**WHAT IS EXPECTED**
Transcribe the listing exactly, so that nothing but the pictures is missing.

**COLLECTED MATERIAL**
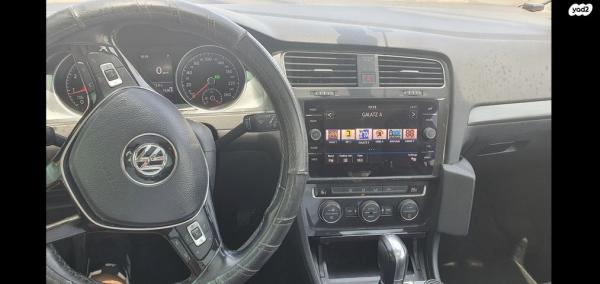 פולקסווגן גולף Comfortline אוט' 5 דל' 1.4 (150 כ"ס) בנזין 2017 למכירה בירושלים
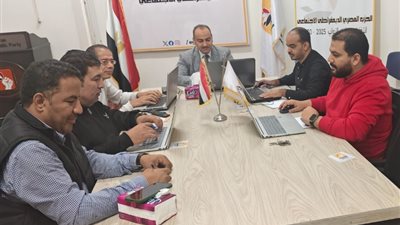 عمليات المصري الديمقراطي تواصل انعقادها لمتابعة التصويت بالدوائر الملغاة من انتخابات النواب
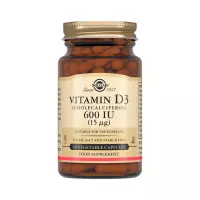 Витамин D3 600 МЕ капсулы 60 шт Solgar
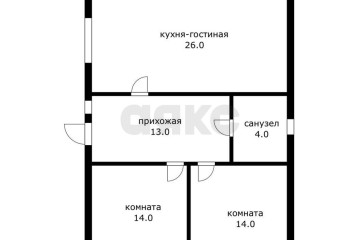Фото №5: Дом 126 м² - Шоссейное, мкр. Прикубанский внутригородской округ, ул. Огородная, 45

**EXERCISE RESULT**
 פולקסווגן גולף Comfortline אוט' 5 דל' 1.4 (150 כ"ס) בנזין 2017 למכירה בירושלים
 عمليات المصري الديمقراطي تواصل انعقادها لمتابعة التصويت بالدوائر الملغاة من انتخابات النواب
 Витамин D3 600 МЕ капсулы 60 шт Solgar
Фото №5: Дом 126 м² - Шоссейное, мкр. Прикубанский внутригородской округ, ул. Огородная, 45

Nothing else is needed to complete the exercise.